PROBLEM: An exact copy of the data is required, with no pictures in it.

INFORMATION SHOWN:
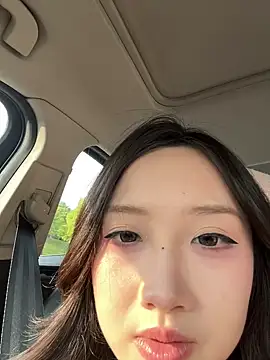 Alice-babyone online show from May 3, 2026, 8:52 am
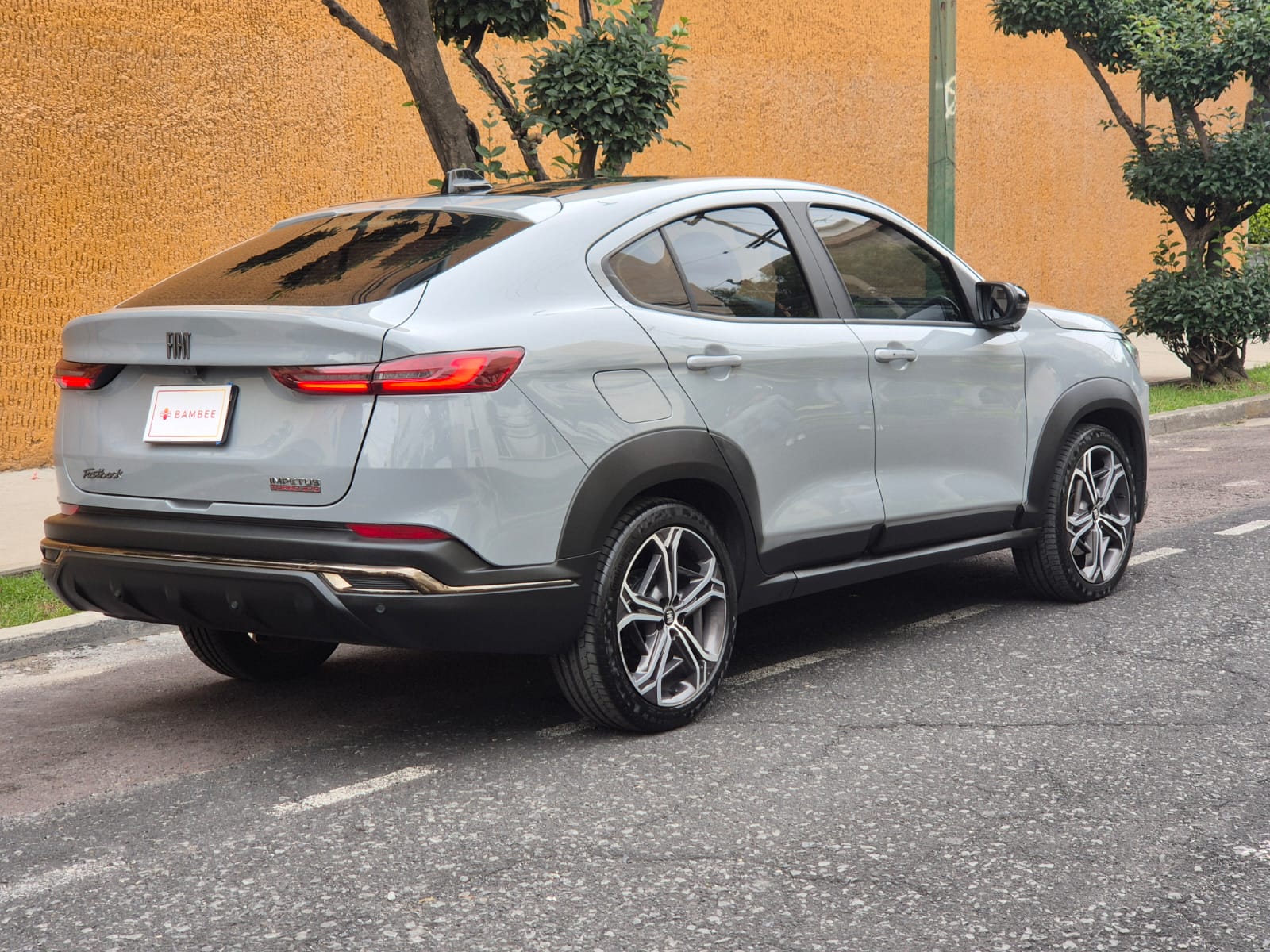 Fiat  FASTBACK IMPETUS 2024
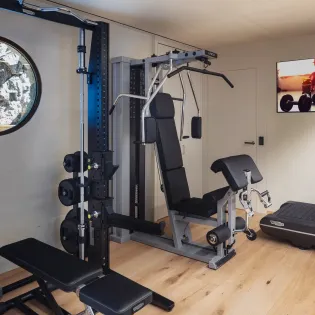 14.1 jangali gym room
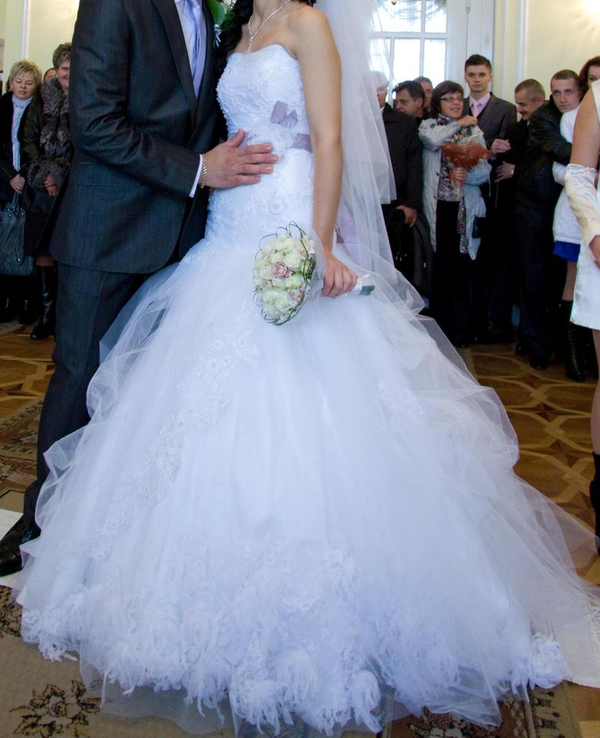 продам шикарное свадебное платье. модель 2012 года 5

ANSWER SECTION:
 Alice-babyone online show from May 3, 2026, 8:52 am
 Fiat  FASTBACK IMPETUS 2024
 14.1 jangali gym room
 продам шикарное свадебное платье. модель 2012 года 5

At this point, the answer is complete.